Thomas Woolner
Thomas Woolner (1825-1892) was a British sculptor and poet. He was a founder-member of the
Pre-Raphaelite Brotherhood. Woolner trained with the sculptor William Behnes, exhibiting work at thr
Royal Academy from 1843. Woolner's classical inclinations were rather difficult to reconcile with Pre-Raphaelite Medievalism, but his belief in close observation of nature was consistent with their aims. Woolner's sculptures immediately after the foundation of the Brotherhood in 1848 display close attention to detail. He made his name with forceful portrait busts and medallions. Perhaps his most complex works are 'Civilisation' and 'Virgilia'. These demonstrate his attempt to express the tension between the static stone and the dynamic desires of the figures represented emerging into solidity from it.

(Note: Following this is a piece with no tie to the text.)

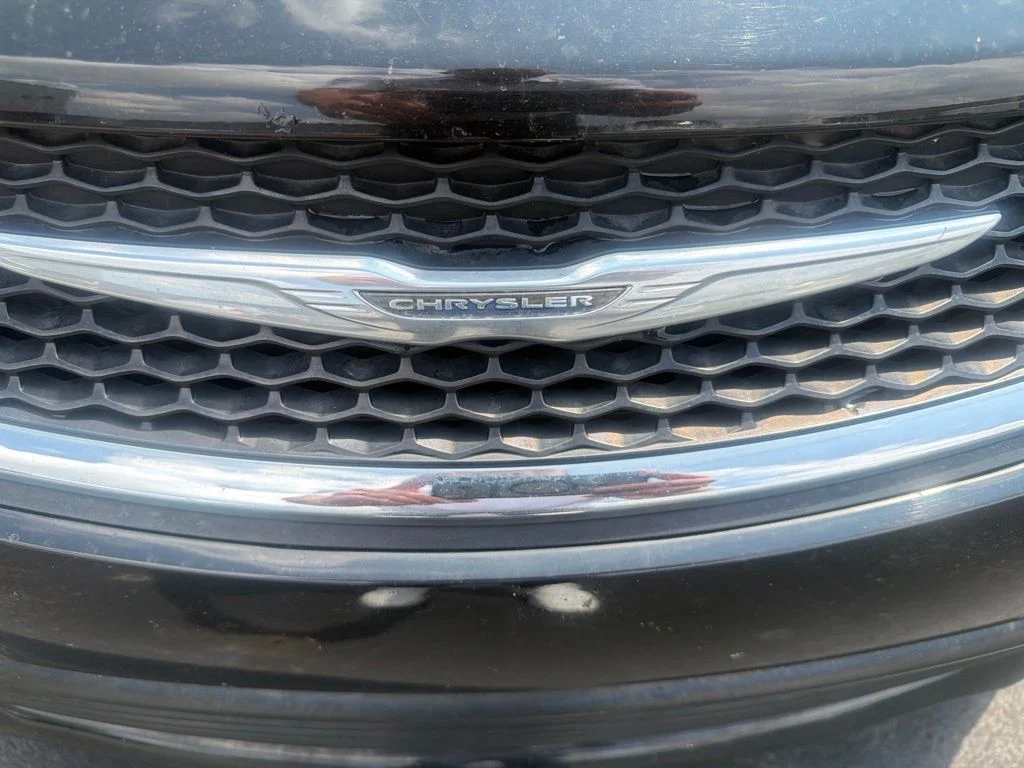 Used 2017 Black Chrysler LX image 14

Woolner was also a poet of some reputation in his day. His early poem 'My Beautiful Lady' is a Pre-Raphaelite work, emphasising intense unresolved moments of feeling. His later narrative works, 'Pygmalion', 'Silenus' and 'Tiresius' renounce Pre-Raphaelitism in favour of an often eroticised classicism. Woolner was a close friend of Alfred Tennyson, providing him with the scenario for 'Enoch Arden'. His speculations about human anatomy also impressed Charles Darwin, who named part of the human ear the 'Woolnerian Tip' after a feature in Woolner's sculpture 'Puck'.